Squiref  
 

Transcribed from "An Illustrated History of The Big Bend Country, embracing Lincoln, Douglas, Adams and Franklin counties, State of Washington",  published by Western Historical Publishing Co., 1904.


     FRED B. SQUIRE was born in Illinois, on June 25, 1868.  His parents, Henry and  Elizabeth (Guy) Squire, were prominent and well educated people and both died when our subject was four years of age.  Being thus early cast out in life, he was bound to a man who kept him for ten years, then owing to the separation of him and his wife, our subject gained his freedom and came west to Kansas.  He labored during the summers and went to school in the winters for four years, thus gaining a good fair education.  It was 1886 when he came to Washington and the following year he made a tour of the Big Bend country with a team and wagon, looking carefully over the entire section.  In 1889, he filed on a homestead one half mile from where Almira now stands.  Like many of the old pioneers of this country, he had to leave his place and work in the harvest fields of Palouse and Walla Walla to gain finances for its improvement.  He continued steadily at his labors until 1894 when he entered the employ of Mr. Keller, a general merchant of Almira.  For six years he was a salesman of this establishment and during this time he sold his homestead and bought one hundred and sixty acres of fruit land on the Columbia river.  In 1900 Mr. Squire entered the real estate business and has been more or less connected with that since.  In 1902, he was nominated for county clerk, in Lincoln county, on the Democratic ticket.  Out of one hundred and twenty-eight votes in his home precinct, he received one hundred and fourteen.  Mr. Squire has been giving his attention largely of late years to handling fruit.  He has on his farm, twenty-five acres set to five varieties of winter apples and he has made a marked success as he has now the finest winter apple orchard in his vicinity.  He has a beautiful residence in Almira, a block of twelve lots, besides other property.
     In 1890, Mr.

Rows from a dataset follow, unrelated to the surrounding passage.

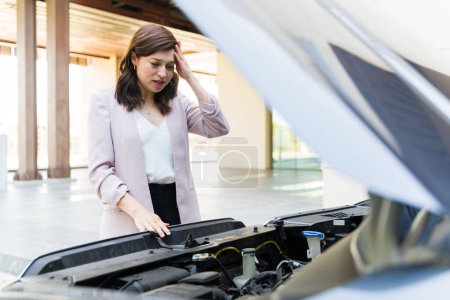 Téléchargez les photos : Inquiète jeune femme en tenue d'affaires examinant son moteur de voiture, se sentant frustré par la panne soudaine du véhicule dans le stationnement - en image libre de droit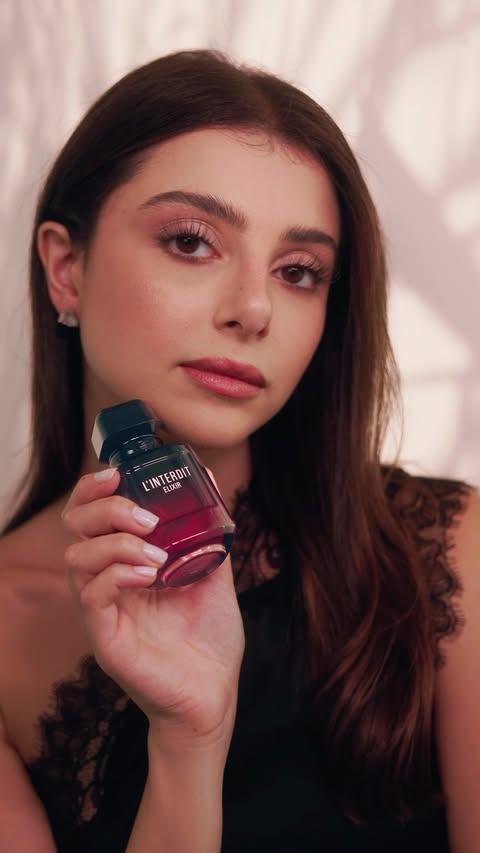 Instagram post by @maritta for Givenchy Beauty. Caption reads: [...] scent, L’Interdit Elixir by Givenchy Beauty....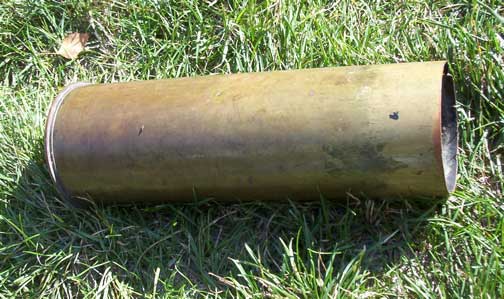 [a copper WWII tank shell casing]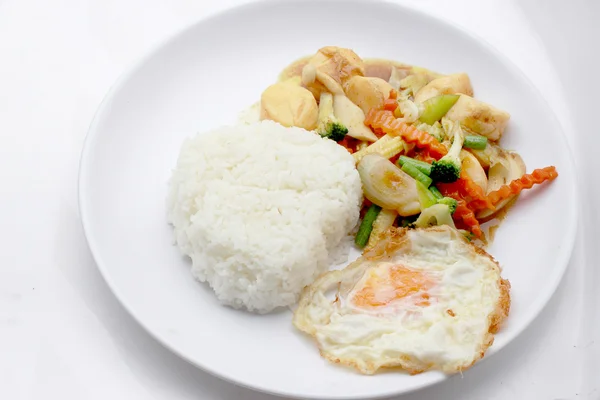 Stir Fried Tofu in Chinese Style,Deep Fried Tofu with Gravy Sauce ,Stir fried tofu with mixed vegetables in white plate on white background. Vegetarian Food, healthy food.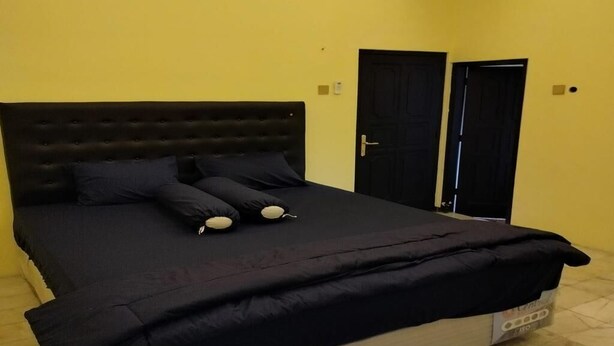 A single bed with a dark headboard, two black doors, and a yellow wall. - Cozzy Villa Garden Jogja  (Kalasan)
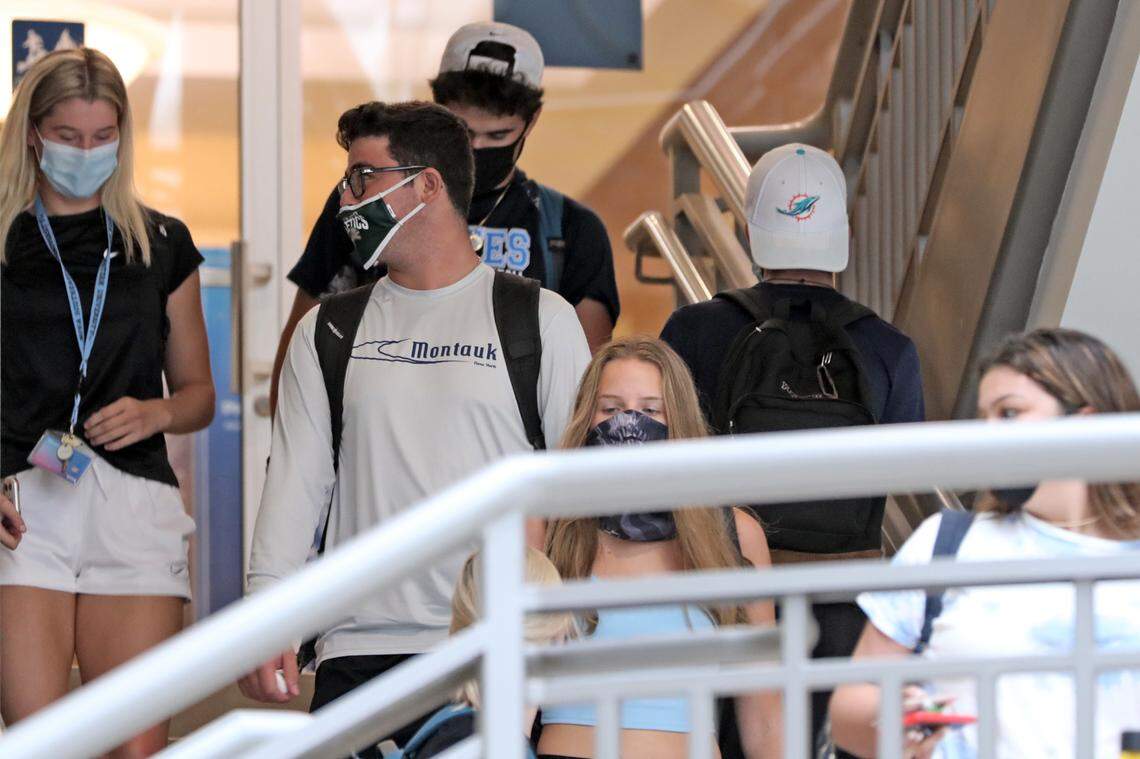 Students head downstairs in the Carl DeSantis Building at Nova Southeastern University’s Davie campus on Thursday, Aug. 20, 2020. (Amy Beth Bennett/South Florida Sun Sentinel/TNS)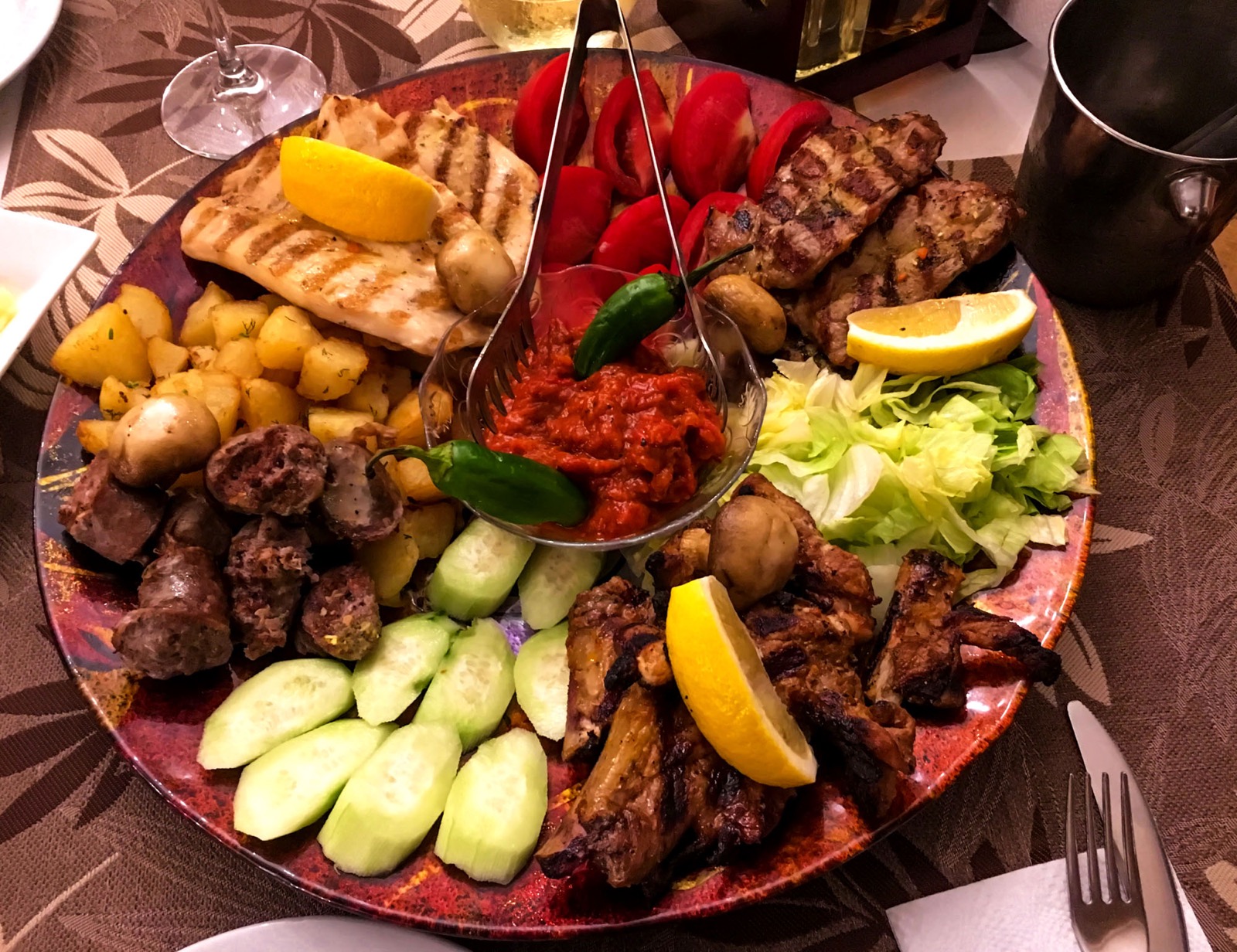 Bulgarian platter with grilled meat, garnish and lyutenitsa sauce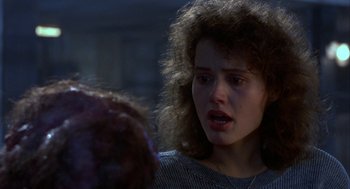 Movie still from “The Fly” (1986), directed by David Cronenberg – A young woman is crying while talking to another woman; Close Up shot, Over the shoulder angle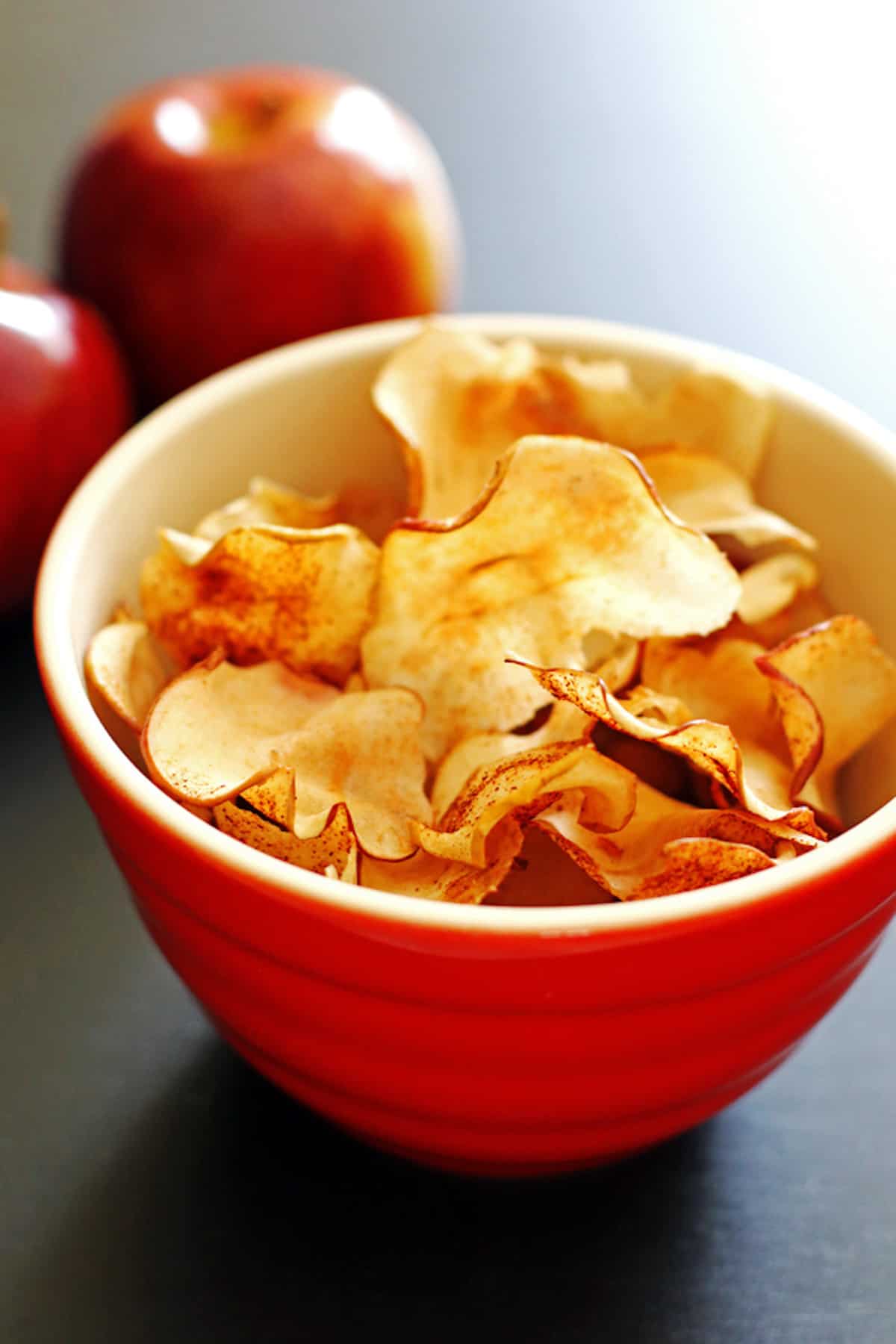 A bowl of baked apple chips.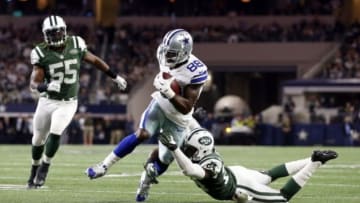 Dec 19, 2015; Arlington, TX, USA; Dallas Cowboys wide receiver Dez Bryant (88) breaks the tackle of New York Jets cornerback Darrelle Revis (24) to score a touchdown in the second quarter at AT&T Stadium. Mandatory Credit: Tim Heitman-USA TODAY Sports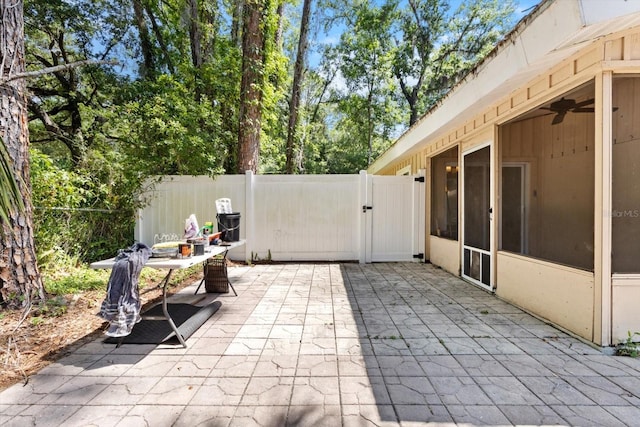 3728 S Eastpark Way, Homosassa, FL 34446 - view of patio featuring a gate and a sunroom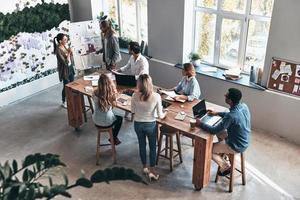 Discussing risky ideas. Top view of two modern young colleagues conducting a business presentation while standing in the board room photo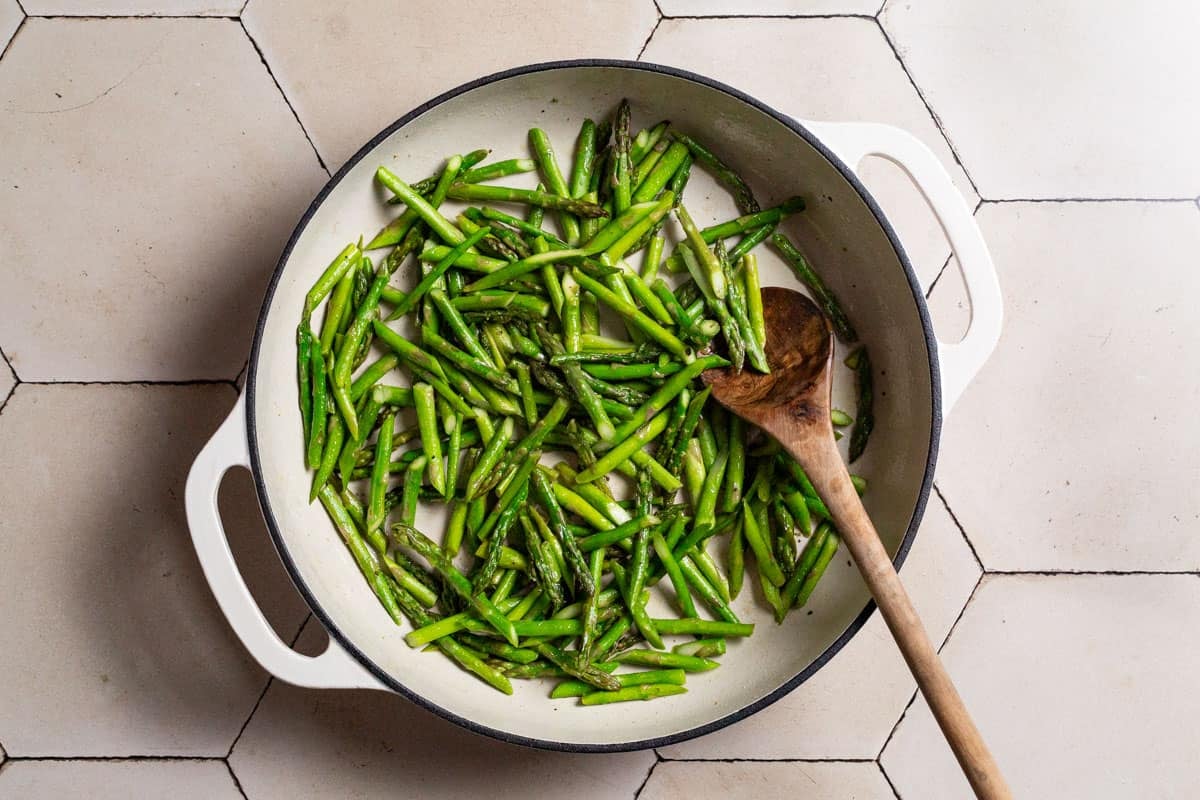 Asparagus pieces being cooked in a skillet with a wooden spoon.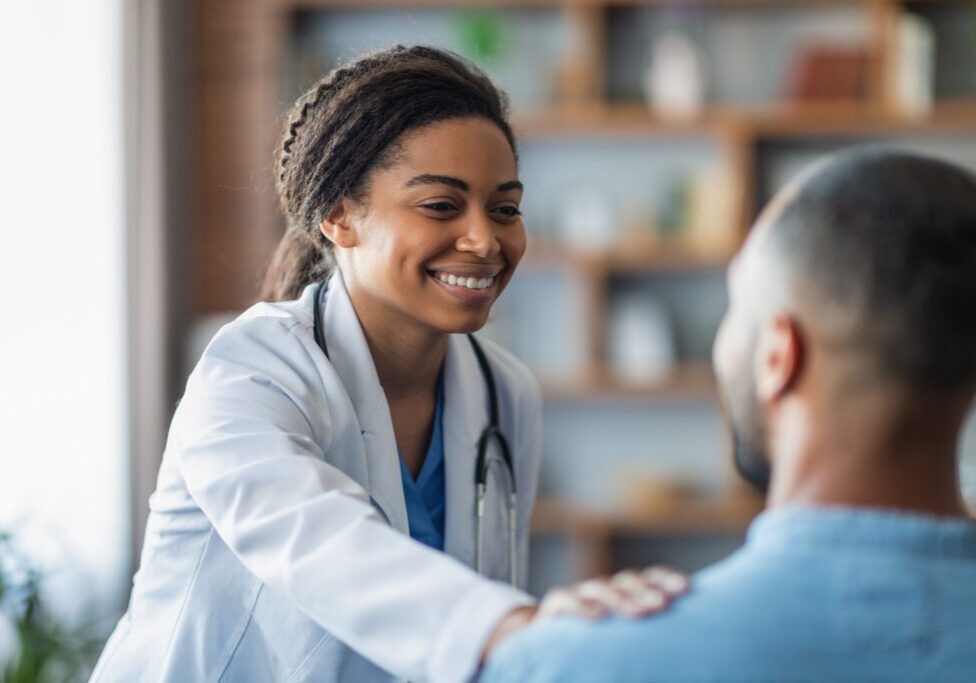 Cheerful attractive young african american woman doctor touching unrecognizable eastern man patient shoulder, general practitioner happy with results of treatment, supporting her patient, closeup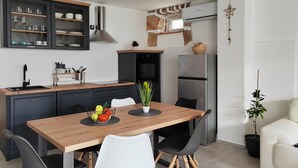 Eine moderne Küche mit dunklen Schränken, einem Holztisch und einem Kühlschrank.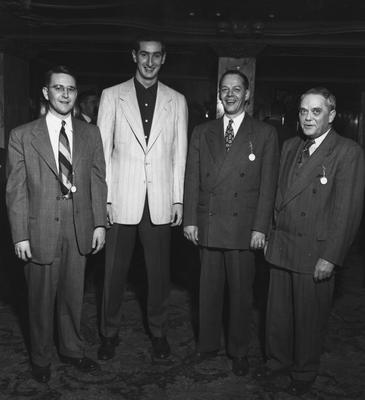 Alex Groza and three unidentified guests at party honoring coach Adolph Rupp and the basketball team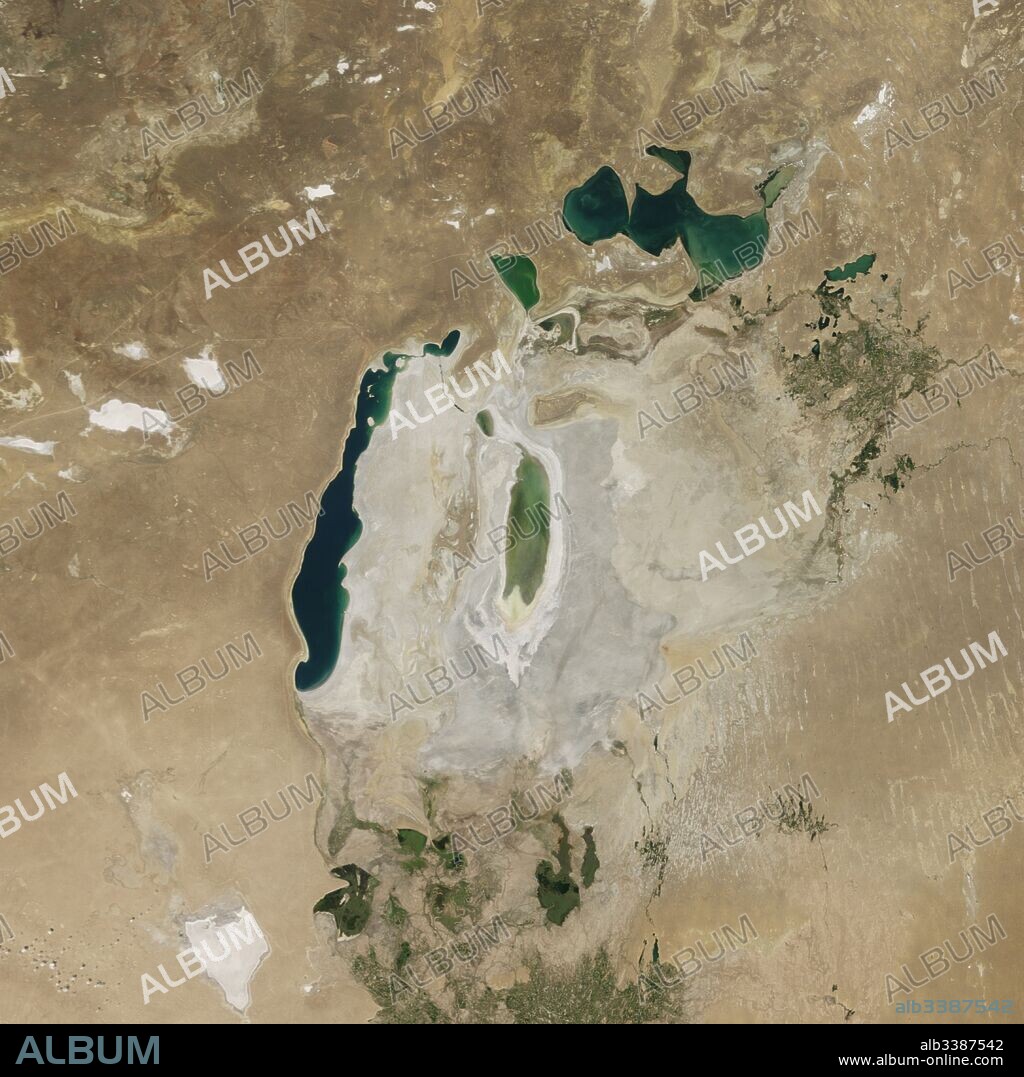 Satellite image of the shrinking of the Aral Sea taken in 2016. The Aral Sea, is a lake lying between Kazakhstan, in the north and Uzbekistan in the south. The name roughly translates as 'Sea of Islands', referring to over 1,100 islands that once dotted its waters; Formerly one of the four largest lakes in the world with an area of 68,000 km2 (26,300 sq mi), the Aral Sea has been steadily shrinking since the 1960s after the rivers that fed it were diverted by Soviet irrigation projects.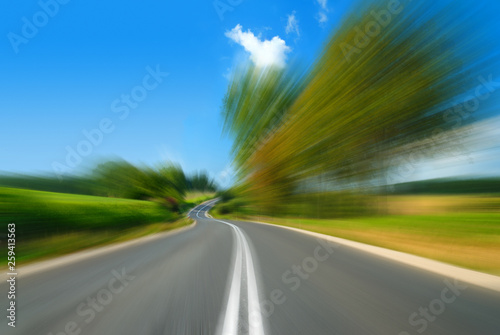 Road among green fields with motion blur effect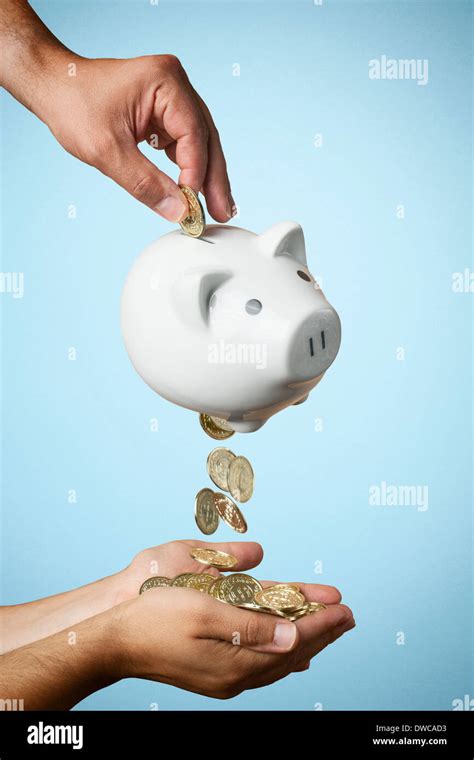 Hand Putting Coin Into Piggy Bank And Coins Flowing Out Stock Photo Alamy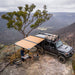 Black truck with roof tent on mountain - arb awning full arm 2500 black awning only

Squire married Miss Mamie Bosworth, a native of Missouri.  She came to Washington with her parents when a child and was educated and raised at Waitsburg, being a graduate of the high school.  Her parents were J. W. and Matilda Bosworth, prominent pioneers of the Waitsburg country.  To Mr. and Mrs. Squire, five children have been born Herman A., Oscar J., Albert, Bernice A., and Dessie F.  Mr. Squire is one of the most popular men of this section of the country on account of his geniality and uprightness and he has hosts of friends all through the Big Bend country.  He has ever labored for the upbuilding and advancement of the country and has certainly done commendable work in the lines in which he has wrought.